Aim of the task: Pictures excluded, copy all of the data below exactly.

-=-=-=-=-

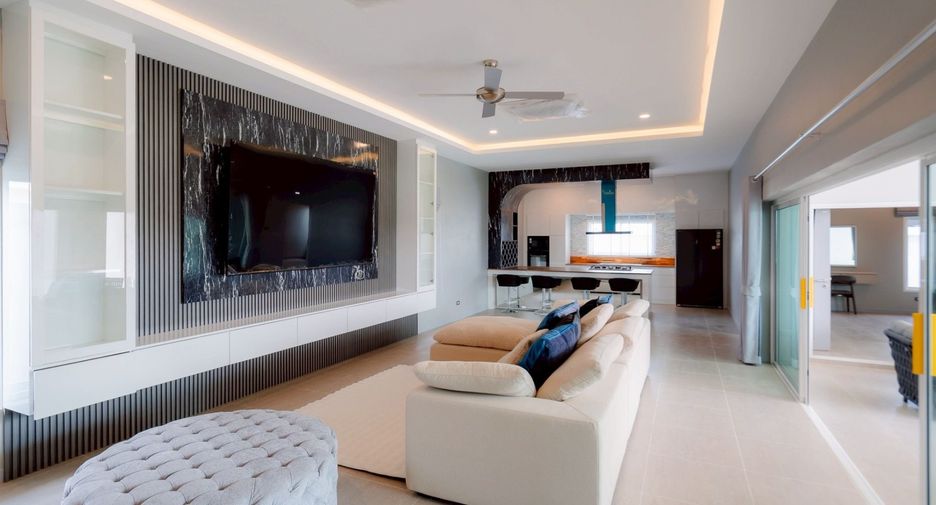 For sale 5 bedrooms house in Hua Hin, Prachuap Khiri Khan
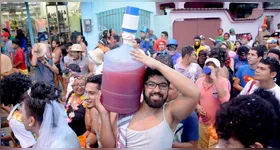 Independente do tamanho da garrafa, a bebida é figurinha carimbada no carnaval bragantino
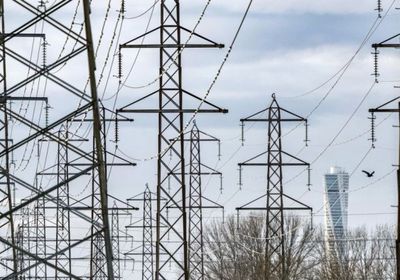 السويد تهدد بقطع إمدادات الكهرباء عن جيرانها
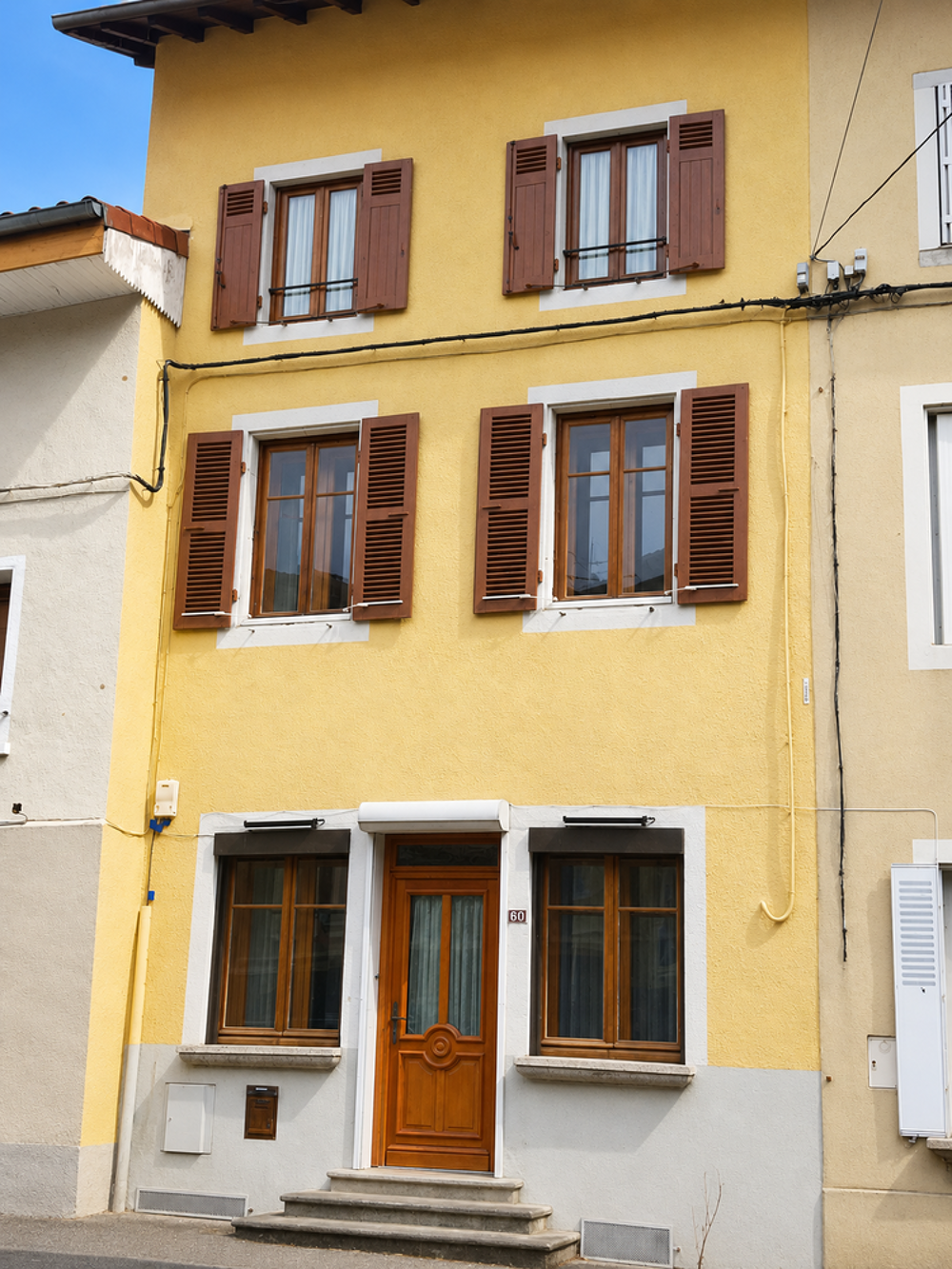 Maison 5 pièces 110 m² · à Montluel · 110 m² · 205 000 €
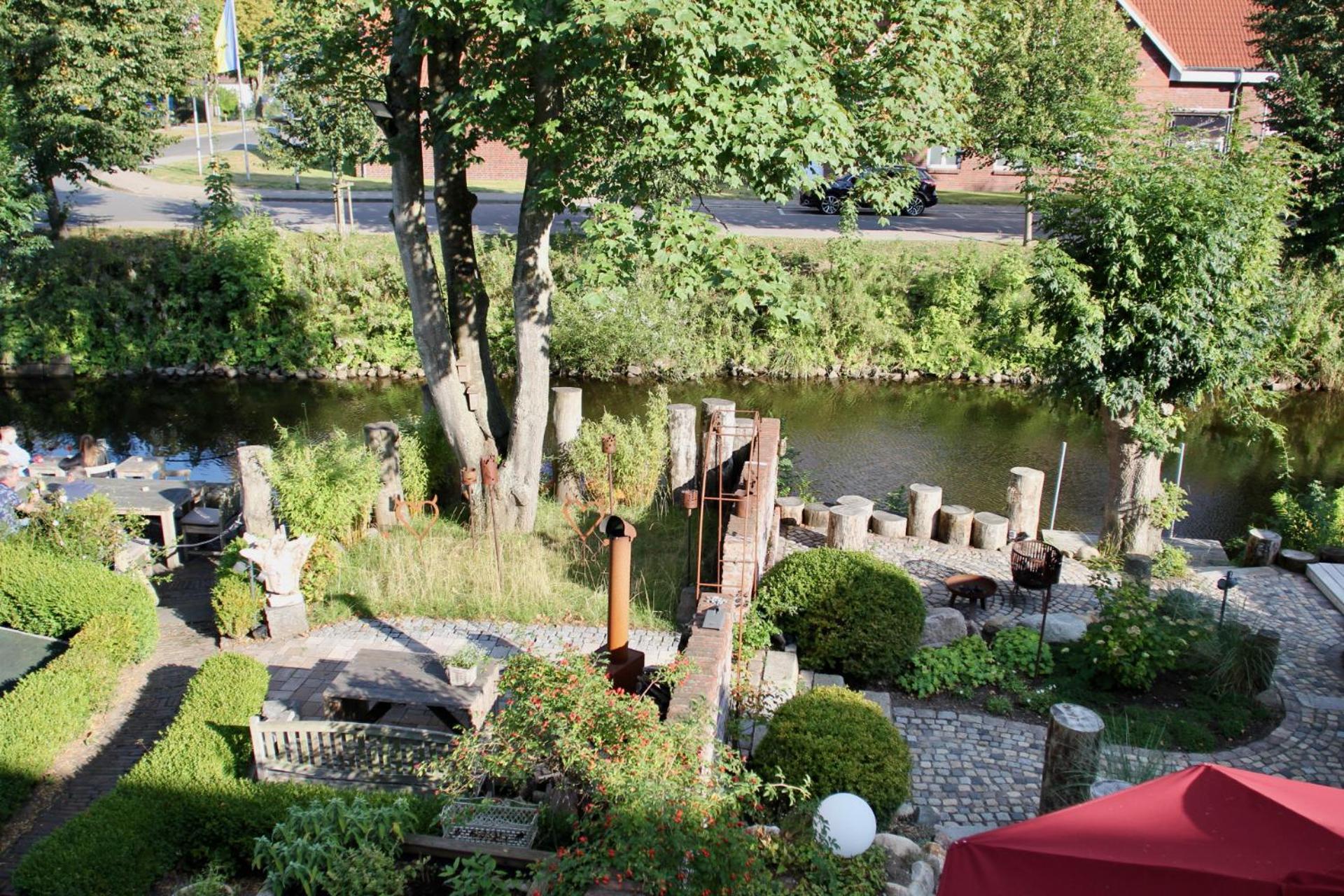 Gaestehaus Kajuete Direkt Am Wasser Friedrichstadt Kültér fotó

-=-=-=-=-

Written answer:
 For sale 5 bedrooms house in Hua Hin, Prachuap Khiri Khan
 Independente do tamanho da garrafa, a bebida é figurinha carimbada no carnaval bragantino
 السويد تهدد بقطع إمدادات الكهرباء عن جيرانها
 Maison 5 pièces 110 m² · à Montluel · 110 m² · 205 000 €
 Gaestehaus Kajuete Direkt Am Wasser Friedrichstadt Kültér fotó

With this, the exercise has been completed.